When you were young, dandelions were anything but weeds. You wore them woven through your hair and tucked behind your ears. You fashioned delicate necklaces and bracelets from their stems and flowers. You rubbed dandelion blush across the apples of your cheeks. You made dandelion stew and picked dandelion bouquets for Mom.
You filled hours and hours with nothing but your imagination and a yard full of dandelions.
“Hello. You’ve reached Marla and Mindy’s Backyard Bakery. What can I get for you today? A chocolate cake topped with dandelions for your daughter’s birthday? Beautiful. Anything else? A dozen dandelion muffins? Of course. Your order will be ready at 4:00. My pleasure!”
You and your girlfriend began the task of turning a mound of dirt and a bucket of water into the most delectable chocolate cake imaginable. You formed and patted until it was the perfect size, shape and consistency. Then came the dandelions—picked fresh and artfully arranged across the top of your creation. Only the fullest, roundest, yellowest dandelions would do.
We don’t play with dandelions anymore, do we? Who has that kind of time? We’ve got families to care for, houses to keep, careers to build, things to buy, places to go…
Why do you think God gave us dandelions? As a reminder, perhaps, to stop and remember what life is really all about. That God and family, faith and friends, love and laughter are the things that are most important. To stop for a moment and consider God’s gifts to His children—sunshine and rain, flowers and trees, breezes and colors.
Maybe He gave us dandelions as a reminder that He will provide for us. As children, we weren’t afraid to pick every single dandelion in the yard, fully confident that hundreds more would sprout up overnight.
As adults, we hoard and we fret, worried that God might not pull through for us tomorrow. Even though He has every day before.
Maybe He gave us dandelions to remind us that we don’t control our lives. We’re afraid of what we’ll happen if we’re not in total control—of our money, our children, our futures. Instead of allowing dandelions to bloom wild and free, we hire people to spray them—to keep them from running away from us, to corral them, keep them under our thumb.
Maybe God gave us pick-and-wilt dandelions to remind us that our lives are short—that all men are like grass and all their glory is like the flowers of the field—that the grass withers and the flowers fall. That each man’s life is like a breath.
We have no guarantee of tomorrow. This is the day that the Lord has made. I will rejoice and be glad in it! Are you too busy to enjoy what God has given you today? The beauty of the clouds, the trees, a child’s face.
Maybe God gave us dandelions to encourage us to come to Him with child-like faith. “I tell you the truth, unless you change and become like little children, you will never enter the kingdom of heaven.”
Kids don’t have inhibitions. They’re not afraid to be themselves—who God made them. No hiding behind masks, keeping their weaknesses and insecurities tucked away. What you see is what you get.
Kids aren’t afraid of what people will think. Not afraid of messing up. They belt out words to a song—making them up as they go.
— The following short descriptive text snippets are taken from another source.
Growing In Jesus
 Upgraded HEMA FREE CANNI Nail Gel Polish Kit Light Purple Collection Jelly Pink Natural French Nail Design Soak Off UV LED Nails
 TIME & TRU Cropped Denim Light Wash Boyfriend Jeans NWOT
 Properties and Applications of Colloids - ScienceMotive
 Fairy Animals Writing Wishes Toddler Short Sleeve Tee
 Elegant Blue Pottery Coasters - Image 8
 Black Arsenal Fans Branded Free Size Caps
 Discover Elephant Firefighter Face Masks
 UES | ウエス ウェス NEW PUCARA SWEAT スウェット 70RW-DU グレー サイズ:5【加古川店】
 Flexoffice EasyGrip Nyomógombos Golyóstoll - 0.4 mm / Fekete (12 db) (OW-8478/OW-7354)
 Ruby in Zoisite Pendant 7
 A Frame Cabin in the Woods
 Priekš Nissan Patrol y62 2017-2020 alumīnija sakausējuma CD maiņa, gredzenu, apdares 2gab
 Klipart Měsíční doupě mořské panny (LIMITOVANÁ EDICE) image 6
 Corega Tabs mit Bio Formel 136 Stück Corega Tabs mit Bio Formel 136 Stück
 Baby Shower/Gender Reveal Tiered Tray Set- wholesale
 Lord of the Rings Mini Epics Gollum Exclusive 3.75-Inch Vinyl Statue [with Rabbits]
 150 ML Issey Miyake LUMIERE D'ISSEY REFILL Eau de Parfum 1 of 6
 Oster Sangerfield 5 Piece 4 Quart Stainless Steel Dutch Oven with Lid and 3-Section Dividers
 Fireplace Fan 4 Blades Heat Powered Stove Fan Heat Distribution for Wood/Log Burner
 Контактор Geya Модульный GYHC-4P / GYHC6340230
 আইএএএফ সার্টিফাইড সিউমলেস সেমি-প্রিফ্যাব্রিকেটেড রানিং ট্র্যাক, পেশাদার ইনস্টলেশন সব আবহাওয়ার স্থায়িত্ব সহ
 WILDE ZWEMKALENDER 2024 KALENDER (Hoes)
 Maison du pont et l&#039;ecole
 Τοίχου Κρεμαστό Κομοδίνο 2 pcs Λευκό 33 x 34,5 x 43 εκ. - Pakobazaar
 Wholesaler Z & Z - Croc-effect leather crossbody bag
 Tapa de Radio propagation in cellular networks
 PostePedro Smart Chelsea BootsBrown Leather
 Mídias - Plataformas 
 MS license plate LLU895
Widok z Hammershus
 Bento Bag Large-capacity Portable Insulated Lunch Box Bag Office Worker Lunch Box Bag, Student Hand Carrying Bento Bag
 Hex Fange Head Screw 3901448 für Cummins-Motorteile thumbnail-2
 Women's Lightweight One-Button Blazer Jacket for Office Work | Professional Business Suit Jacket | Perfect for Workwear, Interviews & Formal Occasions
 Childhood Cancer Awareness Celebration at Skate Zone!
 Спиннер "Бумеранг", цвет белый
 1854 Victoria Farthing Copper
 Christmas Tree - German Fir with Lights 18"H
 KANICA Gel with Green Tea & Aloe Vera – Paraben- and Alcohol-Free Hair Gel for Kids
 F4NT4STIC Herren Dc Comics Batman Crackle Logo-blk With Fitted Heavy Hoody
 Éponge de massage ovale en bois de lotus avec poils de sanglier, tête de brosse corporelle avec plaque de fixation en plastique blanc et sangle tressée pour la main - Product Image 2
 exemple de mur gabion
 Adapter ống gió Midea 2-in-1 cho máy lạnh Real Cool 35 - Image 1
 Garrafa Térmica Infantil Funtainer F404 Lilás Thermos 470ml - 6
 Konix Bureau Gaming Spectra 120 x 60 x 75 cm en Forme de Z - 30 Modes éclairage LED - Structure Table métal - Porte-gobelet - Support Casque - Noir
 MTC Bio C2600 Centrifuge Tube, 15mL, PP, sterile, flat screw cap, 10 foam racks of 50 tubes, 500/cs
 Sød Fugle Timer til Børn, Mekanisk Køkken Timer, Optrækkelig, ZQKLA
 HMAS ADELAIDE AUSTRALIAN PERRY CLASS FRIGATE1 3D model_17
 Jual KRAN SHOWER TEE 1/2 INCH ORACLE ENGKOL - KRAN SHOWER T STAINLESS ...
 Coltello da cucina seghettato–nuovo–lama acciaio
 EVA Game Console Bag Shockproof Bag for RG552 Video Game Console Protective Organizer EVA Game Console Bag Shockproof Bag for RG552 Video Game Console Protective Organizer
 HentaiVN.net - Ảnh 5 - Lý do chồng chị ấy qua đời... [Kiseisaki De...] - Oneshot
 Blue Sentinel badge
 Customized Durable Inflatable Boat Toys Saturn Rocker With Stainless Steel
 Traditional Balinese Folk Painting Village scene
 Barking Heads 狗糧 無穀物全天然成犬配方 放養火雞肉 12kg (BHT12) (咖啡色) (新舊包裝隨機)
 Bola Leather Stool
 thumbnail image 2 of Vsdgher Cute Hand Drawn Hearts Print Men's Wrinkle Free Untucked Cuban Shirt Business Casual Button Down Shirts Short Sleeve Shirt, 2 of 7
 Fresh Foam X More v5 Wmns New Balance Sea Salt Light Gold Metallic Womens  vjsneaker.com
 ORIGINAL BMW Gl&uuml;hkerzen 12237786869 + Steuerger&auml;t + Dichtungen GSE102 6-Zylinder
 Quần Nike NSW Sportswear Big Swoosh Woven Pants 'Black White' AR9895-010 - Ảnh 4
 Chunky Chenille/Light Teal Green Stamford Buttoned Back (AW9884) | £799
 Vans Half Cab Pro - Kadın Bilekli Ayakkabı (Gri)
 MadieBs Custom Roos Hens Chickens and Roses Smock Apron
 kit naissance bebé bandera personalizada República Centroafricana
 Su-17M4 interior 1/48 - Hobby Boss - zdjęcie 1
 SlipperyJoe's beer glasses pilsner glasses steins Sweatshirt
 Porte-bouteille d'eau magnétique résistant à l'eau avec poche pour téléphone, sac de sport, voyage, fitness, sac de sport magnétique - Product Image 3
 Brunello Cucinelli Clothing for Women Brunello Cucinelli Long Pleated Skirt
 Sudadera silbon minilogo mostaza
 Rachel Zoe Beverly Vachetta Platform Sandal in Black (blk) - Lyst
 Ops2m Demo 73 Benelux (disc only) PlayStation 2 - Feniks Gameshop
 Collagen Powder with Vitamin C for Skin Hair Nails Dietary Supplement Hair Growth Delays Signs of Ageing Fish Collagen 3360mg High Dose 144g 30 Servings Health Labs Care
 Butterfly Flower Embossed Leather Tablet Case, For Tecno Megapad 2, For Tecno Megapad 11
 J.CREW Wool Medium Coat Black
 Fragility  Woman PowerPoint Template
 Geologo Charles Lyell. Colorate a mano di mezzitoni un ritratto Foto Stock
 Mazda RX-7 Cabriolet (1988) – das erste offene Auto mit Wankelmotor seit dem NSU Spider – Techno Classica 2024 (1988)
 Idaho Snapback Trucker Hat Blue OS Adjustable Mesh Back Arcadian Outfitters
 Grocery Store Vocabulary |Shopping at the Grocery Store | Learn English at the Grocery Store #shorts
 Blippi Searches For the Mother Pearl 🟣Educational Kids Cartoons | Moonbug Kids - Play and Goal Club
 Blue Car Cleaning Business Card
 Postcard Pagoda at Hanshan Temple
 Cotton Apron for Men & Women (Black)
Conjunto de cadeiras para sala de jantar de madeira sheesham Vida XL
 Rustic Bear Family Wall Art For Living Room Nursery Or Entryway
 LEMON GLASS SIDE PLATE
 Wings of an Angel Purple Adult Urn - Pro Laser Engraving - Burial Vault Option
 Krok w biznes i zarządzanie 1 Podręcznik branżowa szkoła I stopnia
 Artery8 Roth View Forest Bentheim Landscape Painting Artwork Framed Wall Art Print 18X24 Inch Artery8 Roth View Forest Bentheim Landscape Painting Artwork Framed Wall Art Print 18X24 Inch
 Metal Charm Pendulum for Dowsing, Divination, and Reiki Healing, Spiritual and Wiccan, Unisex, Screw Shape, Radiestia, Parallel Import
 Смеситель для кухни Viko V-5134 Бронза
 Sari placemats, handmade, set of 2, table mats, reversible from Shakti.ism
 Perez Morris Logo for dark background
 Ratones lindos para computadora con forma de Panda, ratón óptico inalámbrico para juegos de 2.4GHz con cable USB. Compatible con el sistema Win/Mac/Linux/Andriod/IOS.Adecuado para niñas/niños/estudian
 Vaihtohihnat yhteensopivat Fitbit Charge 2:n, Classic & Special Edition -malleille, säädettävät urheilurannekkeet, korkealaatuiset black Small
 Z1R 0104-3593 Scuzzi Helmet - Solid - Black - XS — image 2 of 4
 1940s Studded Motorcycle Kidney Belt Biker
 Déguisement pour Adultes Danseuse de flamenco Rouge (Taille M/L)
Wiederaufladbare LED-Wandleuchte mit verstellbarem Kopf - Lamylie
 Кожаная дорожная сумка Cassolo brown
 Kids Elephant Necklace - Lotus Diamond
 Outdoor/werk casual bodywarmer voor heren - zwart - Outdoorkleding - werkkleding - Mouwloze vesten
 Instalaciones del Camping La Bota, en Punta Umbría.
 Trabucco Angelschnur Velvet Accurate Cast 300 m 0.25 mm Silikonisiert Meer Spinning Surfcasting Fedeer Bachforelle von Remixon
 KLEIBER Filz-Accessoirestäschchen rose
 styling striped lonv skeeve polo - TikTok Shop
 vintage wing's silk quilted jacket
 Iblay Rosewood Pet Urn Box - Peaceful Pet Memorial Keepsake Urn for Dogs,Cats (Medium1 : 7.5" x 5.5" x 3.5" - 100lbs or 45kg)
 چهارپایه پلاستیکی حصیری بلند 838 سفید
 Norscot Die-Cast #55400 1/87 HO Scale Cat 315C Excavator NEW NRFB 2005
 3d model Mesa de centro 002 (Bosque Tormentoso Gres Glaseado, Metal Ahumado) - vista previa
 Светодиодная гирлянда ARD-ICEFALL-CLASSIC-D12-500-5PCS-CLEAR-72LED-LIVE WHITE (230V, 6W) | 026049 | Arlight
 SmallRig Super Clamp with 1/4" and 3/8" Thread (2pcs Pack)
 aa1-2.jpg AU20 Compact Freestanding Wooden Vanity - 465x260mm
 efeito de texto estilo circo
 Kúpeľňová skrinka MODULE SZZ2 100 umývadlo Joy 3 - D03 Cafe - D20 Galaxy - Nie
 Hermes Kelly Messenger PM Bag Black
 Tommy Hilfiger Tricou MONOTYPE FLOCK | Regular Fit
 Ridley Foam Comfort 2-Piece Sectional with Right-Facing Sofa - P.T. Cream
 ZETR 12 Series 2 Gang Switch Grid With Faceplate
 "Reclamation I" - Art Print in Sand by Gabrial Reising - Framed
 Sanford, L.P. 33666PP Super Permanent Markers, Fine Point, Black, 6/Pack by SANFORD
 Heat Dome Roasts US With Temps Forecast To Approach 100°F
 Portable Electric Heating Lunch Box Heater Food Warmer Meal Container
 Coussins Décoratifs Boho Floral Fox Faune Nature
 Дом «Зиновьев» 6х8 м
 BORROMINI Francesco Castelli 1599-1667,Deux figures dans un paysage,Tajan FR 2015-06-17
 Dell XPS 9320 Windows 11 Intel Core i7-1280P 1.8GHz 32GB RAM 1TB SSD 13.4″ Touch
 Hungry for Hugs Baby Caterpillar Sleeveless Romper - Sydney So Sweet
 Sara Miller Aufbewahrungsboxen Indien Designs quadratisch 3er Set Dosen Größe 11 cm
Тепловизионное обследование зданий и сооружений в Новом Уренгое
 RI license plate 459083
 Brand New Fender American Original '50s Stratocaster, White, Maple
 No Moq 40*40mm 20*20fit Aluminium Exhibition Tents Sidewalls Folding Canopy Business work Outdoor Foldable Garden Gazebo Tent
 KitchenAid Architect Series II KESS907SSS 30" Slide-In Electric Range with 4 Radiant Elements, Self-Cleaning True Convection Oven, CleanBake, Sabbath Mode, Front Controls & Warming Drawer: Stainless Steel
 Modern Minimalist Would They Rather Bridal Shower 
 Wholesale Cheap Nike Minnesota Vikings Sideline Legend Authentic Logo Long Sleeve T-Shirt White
Sometimes I think kids make better Christians than adults do. They’re not afraid to talk to people about Jesus. It’s simple. They love Jesus and they want others to love Him, too.
What if we praised God with the exuberance of a child? What if we trusted Him with the faith of a child? What if we loved Him—and let Him love us—with the unconditional love of a child?
What are we afraid of? Looking foolish? Maintaining an image? Getting hurt?
Before today is over, bend down and pick a dandelion. Then sit down. Close your eyes. Be still.
Ask God to speak from His heart to yours.